Although a third point lends stability to two, still, humans have learned that it is squares and rectangles - not triangles - that lend sufficient stability from which to build stable, long-lasting structures.
“The meaning of the triangle can vary based on their orientation. None of the other basic shapes offer this kind of inherent duplicity. When we turn a square on its side, the symbol meaning remains the same. Same with the circle - rolling it around, it's still a circle. But the triangle proposes mammoth (polar even) variables in meanings when tipped top from bottom." -Erin Kacie Brown
And so, three becomes four: the Victim, Rescuer, and Perpetrator all need a Peacekeeper. The Peacekeeper can see each person from all sides. The Peacekeeper sees with compassion, recognizing each unique being as infinitely more than the position it currently occupies. By seeing the true nature of those in the triangle, the Peacekeeper liberates each person from the roles in which they have become stubbornly entrenched, giving them permission to know themselves as sovereign beings. Thus, identity stops being formed by reactivity, and instead becomes rooted in dignity.

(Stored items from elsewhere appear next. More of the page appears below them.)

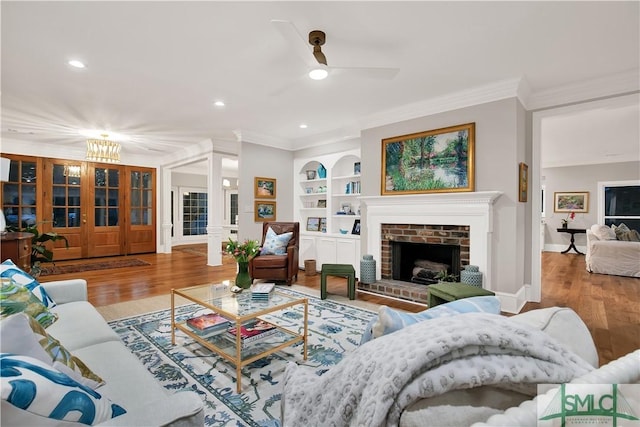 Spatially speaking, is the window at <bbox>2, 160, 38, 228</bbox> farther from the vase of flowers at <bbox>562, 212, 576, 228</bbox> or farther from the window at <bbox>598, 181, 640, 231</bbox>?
the window at <bbox>598, 181, 640, 231</bbox>

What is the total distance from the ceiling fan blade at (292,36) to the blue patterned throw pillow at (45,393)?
77.6 inches

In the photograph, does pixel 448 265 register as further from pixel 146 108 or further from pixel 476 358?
pixel 146 108

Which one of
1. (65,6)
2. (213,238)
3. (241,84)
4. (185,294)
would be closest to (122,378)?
(185,294)

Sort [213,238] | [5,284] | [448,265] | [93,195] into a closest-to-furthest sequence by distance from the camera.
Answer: [5,284]
[448,265]
[213,238]
[93,195]

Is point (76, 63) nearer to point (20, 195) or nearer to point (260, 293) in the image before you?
point (260, 293)

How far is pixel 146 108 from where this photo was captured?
414cm

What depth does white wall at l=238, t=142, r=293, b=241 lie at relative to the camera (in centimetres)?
536

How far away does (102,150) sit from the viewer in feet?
16.8

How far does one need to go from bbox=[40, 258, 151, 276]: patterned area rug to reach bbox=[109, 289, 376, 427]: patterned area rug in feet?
11.1

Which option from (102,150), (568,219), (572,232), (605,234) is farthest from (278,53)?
(568,219)

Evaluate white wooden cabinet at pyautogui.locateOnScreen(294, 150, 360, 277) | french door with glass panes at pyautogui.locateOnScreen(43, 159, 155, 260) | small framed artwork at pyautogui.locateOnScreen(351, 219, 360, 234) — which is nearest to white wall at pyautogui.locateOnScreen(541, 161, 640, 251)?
white wooden cabinet at pyautogui.locateOnScreen(294, 150, 360, 277)

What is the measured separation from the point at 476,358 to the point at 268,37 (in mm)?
2580

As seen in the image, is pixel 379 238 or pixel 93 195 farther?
pixel 93 195

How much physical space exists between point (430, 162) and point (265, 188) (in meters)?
2.97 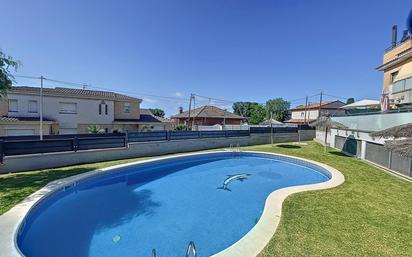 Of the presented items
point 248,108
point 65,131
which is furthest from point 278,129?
Result: point 248,108

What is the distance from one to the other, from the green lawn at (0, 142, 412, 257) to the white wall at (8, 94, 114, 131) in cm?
1763

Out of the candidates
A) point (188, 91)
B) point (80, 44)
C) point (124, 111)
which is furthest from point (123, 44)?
point (188, 91)

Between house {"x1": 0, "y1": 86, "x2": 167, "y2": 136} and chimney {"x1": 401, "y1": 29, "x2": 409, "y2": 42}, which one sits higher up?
chimney {"x1": 401, "y1": 29, "x2": 409, "y2": 42}

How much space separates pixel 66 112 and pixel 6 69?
18.5m

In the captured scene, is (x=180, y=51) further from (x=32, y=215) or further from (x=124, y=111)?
(x=32, y=215)

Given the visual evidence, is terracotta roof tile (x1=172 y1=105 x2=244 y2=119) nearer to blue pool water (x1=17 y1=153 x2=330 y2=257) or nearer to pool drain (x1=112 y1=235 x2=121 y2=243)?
blue pool water (x1=17 y1=153 x2=330 y2=257)

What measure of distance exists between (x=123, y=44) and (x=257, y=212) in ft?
67.5

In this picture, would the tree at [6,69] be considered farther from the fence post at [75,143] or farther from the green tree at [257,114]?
the green tree at [257,114]

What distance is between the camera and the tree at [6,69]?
405 inches

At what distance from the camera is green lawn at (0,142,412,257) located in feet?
16.5

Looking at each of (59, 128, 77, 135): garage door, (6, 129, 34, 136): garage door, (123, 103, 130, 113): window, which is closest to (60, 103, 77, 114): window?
(59, 128, 77, 135): garage door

It is no coincidence that the Peace symbol comprises four connected points. First, there is a singularity: one. This is lonely, lacking perspective and change, so it seeks polarity, and magnetizes another singularity, into a polarity of two. As tension between these two opposites grows, the tension finds an outlet in a third. But this third cannot stand on its own, embodying its own distinct identity - it cannot fully individuate, and access its own one-ness; without being liberated from that role. The fourth entity, the Peacekeeper, comes along to restore balance and help each part of the triad source its identity, not from its position in relation to others - a highly subjective, fallible, and vulnerable location indeed! - but from the center, the source, or the unifying principle. Thus, the presence of the fourth point within the circle points the other three to the source, where they all meet in the middle, representing Unity. Each now has its connection to the one singular point in the center - that which some may conceive of as God, or Oneness - while also maintaining its place along the edge of the circle, that place at which it occupies the furthest point from the center - the height of individuality, or separateness. Peace is that force which dissipates tension between flawed, unstable humans by redirecting each to remember and reconnect with itself as an individual, while also reconnecting with Source. Thus, we direct our inner tumult, not toward other equally flawed humans as we do when polarized or triangulated, but to our innermost self, and/or Higher Power, the only two places where peace and inner knowing that is not based in relativity (or duality, or comparison) can truly exist.
If you and your significant other have become rigid in the polarities that you occupy, and perhaps have triangulated a third into the tensions between you, you may be ready to bring in a fourth to help you find peace. My role as a Licensed Marriage and Family Therapist is to be that fourth, who directs each person back away from the tensions between them, to the source within them. Once each reconnects with the source within themselves, and their own authentic place in the circle of life, they may then also find that point of Unity where they all meet in the middle.